While not every theatre critic felt this positively about the work (Marilyn Stasio of Variety, for one, says that much of the play “turns out to run cold”), it seems altogether likely that “Slave Play” will earn a coveted nomination for Best Play at the distant 2020 Tony Awards. At present, eleven new dramas plan to bow on Broadway this season, but the immediacy and relevance of Harris’s play and the critics’s love for it signals that it has a clear path to one of the four or five slots in the top Tony category. And despite its Fall opening and scheduled close in early January, the Tony nominating committee will not easily forget about this particular show when they make their final choices on the nominees three months later.
Just as Harris seems likely to earn a Tony bid for his Broadway bow, so too does his collaborator and director Robert O’Hara. Of the performers under O’Hara’s direction, it seems challenging to single out any one in particular for their awards prospects because “Slave Play” largely hinges on the incredible group dynamic of all eight of its actors. The reviews do point to a few potential Tony nominees for Featured Actor and Actress, though, assuming all eight cast members will remain in those categories.
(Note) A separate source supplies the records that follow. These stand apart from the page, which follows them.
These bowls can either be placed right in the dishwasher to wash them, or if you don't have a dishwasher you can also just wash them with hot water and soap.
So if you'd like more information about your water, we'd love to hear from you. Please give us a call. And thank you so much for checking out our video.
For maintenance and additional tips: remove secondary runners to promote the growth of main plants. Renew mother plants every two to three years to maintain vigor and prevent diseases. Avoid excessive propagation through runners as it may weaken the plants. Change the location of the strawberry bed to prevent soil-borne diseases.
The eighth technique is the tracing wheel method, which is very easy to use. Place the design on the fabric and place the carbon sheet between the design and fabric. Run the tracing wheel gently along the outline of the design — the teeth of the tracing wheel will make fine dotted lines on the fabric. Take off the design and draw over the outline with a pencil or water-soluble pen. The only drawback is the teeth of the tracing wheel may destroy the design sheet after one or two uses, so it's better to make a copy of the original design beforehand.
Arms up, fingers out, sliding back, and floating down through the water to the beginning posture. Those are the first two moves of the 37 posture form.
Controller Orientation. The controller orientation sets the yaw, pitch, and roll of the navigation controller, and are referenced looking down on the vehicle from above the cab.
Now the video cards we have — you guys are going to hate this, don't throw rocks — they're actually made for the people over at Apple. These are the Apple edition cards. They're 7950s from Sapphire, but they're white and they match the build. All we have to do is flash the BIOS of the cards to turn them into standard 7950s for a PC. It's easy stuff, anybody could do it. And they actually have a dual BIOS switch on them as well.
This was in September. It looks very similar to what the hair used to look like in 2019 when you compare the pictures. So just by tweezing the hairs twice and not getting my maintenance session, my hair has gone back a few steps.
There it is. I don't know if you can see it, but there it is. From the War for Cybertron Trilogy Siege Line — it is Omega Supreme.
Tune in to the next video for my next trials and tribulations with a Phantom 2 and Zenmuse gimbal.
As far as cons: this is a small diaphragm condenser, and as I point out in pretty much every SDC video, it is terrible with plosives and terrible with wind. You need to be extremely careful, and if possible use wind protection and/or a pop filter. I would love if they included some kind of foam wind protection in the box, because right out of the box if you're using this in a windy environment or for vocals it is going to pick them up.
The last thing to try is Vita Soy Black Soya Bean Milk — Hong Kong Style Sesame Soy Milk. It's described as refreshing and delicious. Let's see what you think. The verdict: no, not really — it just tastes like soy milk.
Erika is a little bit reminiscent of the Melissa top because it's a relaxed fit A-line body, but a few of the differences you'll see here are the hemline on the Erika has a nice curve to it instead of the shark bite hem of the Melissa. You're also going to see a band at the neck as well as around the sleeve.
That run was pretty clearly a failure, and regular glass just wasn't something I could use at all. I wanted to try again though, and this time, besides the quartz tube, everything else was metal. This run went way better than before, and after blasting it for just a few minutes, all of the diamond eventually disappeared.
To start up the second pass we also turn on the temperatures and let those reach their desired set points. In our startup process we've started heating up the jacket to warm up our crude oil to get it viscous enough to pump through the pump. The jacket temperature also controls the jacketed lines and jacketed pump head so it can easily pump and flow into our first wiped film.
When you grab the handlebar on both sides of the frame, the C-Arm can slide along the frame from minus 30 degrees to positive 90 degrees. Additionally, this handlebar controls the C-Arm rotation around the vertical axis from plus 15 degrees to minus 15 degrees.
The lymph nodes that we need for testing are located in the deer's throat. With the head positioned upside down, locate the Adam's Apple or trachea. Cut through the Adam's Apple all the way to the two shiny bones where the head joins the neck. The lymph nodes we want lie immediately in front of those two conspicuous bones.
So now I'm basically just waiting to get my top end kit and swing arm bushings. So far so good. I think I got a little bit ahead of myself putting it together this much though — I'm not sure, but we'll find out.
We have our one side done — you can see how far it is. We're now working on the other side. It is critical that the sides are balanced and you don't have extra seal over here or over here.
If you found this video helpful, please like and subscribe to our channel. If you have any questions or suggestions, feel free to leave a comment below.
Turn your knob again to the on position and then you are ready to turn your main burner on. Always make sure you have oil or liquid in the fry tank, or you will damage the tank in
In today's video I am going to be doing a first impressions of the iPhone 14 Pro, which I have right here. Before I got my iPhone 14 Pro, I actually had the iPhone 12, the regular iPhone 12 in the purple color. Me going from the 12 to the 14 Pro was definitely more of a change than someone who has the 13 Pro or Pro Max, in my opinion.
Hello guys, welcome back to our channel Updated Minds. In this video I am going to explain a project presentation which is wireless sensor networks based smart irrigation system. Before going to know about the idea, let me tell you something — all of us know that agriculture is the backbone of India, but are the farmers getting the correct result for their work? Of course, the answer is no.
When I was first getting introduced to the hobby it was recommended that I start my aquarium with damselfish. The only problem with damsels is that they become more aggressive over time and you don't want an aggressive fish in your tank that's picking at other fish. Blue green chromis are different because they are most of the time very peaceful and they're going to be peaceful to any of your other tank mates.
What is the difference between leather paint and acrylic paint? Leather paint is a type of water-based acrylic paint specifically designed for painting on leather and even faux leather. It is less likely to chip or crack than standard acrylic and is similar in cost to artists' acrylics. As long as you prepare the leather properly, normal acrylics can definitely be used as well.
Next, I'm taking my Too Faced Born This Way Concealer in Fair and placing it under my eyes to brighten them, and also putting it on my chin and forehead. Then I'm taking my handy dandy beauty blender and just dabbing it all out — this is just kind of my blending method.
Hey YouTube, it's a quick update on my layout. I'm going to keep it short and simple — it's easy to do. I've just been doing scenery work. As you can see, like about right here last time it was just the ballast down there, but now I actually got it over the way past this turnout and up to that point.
Foremost is Joaquina Kalukango, who not only received many critical kudos, but also opens and closes the play. Her latter scene in particularly is extremely powerful, as is her commanding presence in the play’s middle section even in the moments when her character Kaneisha is not at the fore. Kalukango’s scene partner Paul Alexander Nolan could also earn a nomination for his work in that haunting finale. Multiple critics also singled out Annie McNamara, who Stasio praised for her “sparkling Broadway debut,” and James Cusati-Moyer, who has a number of standout hilarious and emotional moments in the play’s extended second part. Alternatively, with such a large and universally strong ensemble, the show could run the risk of spreading its support across too many viable contenders and ultimately miss out in the acting categories.